Pour l’heure, la main-d’œuvre saisonnière pose peu de problèmes à Edward : il n’y a pas encore assez de travail pour les 150 saisonniers habituellement employés sur sa ferme aux périodes de récolte. « Mais ça pourrait être un problème dans le futur », estime-t-il.

Une partie des saisonniers travaillent à la station de conditionnement. (photo d’archive) © Yevheniia Nikitiuk
Une partie des saisonniers travaillent à la station de conditionnement. (photo d’archive) © Yevheniia Nikitiuk

 

Les 25 employés permanents, en revanche, sont contraints de rester chez eux. « Ils ont travaillé jusqu’au moment où c’est devenu trop dangereux. Le gouvernement permet aux travailleurs agricoles de rester en poste, mais toute l’équipe vit à Orikhiv [ville la plus proche de l’exploitation] et la route est assez dangereuse », relate-t-il.

Soutien à l’armée ukrainienne

Proche de grandes villes comme Kiev, des entrepôts de stockage et les produits qu’ils abritaient ont été détruits par l’armée russe. « Je connais personnellement des personnes qui ont perdu 300 000 euros de produits », déplore-t-il.

 

 

 

« Notre société a activement soutenu l’armée ukrainienne au début de la guerre. Maintenant, nous sommes principalement engagés dans l’aide humanitaire », ajoute Edward, qui souhaite rester discret jusqu’à la fin de la guerre sur certaines de leurs actions.
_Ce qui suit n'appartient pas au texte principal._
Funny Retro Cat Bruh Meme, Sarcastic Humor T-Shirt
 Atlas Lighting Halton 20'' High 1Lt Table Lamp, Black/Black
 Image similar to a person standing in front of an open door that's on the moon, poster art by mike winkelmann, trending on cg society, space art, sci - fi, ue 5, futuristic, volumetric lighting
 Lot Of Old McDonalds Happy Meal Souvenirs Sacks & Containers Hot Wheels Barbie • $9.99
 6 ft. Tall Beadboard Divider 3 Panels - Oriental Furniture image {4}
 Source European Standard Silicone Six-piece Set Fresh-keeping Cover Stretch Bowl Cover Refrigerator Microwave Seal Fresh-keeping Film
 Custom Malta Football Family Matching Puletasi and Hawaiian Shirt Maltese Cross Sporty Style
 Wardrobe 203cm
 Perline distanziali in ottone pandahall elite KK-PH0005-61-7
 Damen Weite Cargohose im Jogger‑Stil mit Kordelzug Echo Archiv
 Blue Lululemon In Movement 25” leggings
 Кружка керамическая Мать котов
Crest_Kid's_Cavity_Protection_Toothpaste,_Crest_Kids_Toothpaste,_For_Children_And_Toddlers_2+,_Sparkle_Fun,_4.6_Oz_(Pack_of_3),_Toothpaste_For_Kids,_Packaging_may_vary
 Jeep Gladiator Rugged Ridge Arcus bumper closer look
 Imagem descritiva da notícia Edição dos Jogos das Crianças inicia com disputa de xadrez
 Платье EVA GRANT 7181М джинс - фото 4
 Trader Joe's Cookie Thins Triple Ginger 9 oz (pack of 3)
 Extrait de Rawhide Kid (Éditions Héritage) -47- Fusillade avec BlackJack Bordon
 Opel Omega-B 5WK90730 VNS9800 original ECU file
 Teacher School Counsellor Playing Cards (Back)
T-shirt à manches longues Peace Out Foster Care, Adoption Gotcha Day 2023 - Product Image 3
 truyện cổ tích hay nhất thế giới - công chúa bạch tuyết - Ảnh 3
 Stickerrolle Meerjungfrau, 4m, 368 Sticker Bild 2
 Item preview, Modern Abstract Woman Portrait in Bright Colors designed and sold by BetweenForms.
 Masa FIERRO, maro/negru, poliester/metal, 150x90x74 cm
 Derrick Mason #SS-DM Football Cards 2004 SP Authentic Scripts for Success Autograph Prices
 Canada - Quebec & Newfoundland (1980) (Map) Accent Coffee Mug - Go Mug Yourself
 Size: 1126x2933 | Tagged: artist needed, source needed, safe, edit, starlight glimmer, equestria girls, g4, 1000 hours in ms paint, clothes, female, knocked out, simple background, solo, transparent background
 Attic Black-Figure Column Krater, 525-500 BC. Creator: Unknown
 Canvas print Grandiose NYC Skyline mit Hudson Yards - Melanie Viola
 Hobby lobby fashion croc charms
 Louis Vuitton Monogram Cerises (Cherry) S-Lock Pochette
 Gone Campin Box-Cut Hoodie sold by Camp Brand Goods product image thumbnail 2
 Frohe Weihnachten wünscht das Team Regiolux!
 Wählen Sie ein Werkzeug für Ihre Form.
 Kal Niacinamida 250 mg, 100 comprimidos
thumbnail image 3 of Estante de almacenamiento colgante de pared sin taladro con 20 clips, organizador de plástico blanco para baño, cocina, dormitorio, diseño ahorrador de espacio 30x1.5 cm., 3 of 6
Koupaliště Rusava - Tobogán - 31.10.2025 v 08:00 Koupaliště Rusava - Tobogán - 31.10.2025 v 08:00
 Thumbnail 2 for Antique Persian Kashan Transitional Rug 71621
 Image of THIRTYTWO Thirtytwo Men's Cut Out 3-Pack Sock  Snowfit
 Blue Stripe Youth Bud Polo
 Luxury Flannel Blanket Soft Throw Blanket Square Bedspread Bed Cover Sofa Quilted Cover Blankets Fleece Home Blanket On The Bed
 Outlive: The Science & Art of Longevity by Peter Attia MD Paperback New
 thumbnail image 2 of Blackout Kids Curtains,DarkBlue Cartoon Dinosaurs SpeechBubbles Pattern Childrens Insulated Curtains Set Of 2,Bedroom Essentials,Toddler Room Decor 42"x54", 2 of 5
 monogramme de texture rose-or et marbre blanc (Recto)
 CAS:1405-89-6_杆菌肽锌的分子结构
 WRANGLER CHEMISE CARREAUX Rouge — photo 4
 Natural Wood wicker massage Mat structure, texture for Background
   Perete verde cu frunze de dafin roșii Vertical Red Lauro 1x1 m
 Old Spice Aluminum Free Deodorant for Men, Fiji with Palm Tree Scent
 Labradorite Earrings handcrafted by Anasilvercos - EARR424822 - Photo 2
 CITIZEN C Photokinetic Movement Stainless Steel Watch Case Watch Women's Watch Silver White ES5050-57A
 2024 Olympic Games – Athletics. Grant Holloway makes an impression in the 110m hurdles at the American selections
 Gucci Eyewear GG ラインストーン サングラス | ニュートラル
Le gouvernement lève un programme d’urgence

Le gouvernement a esquissé de premiers plans d’urgence pour la filière agricole. « Il a commencé un programme de crédit. Jusqu’à 50 millions de Hryvnia (environ 1,5 million d’euros) à 0 %, qu’il garantit à 80 %. Le détail de ces aides reste encore à affiner », rapporte Edward.

 

La chaîne de distribution nationale fait quant à elle l’objet de « multiples déséquilibres, notamment causés par les migrations internes. Les coûts de production sont hauts, mais les denrées produites sur le sol ukrainien saturent le marché national qui ne peut absorber les quantités produites, habituellement exportées. L’un dans l’autre, les prix en magasins de ces produits restent à des niveaux d’avant-guerre pour le moment, mais le pouvoir d’achat des ménages a nettement diminué », explique-t-il.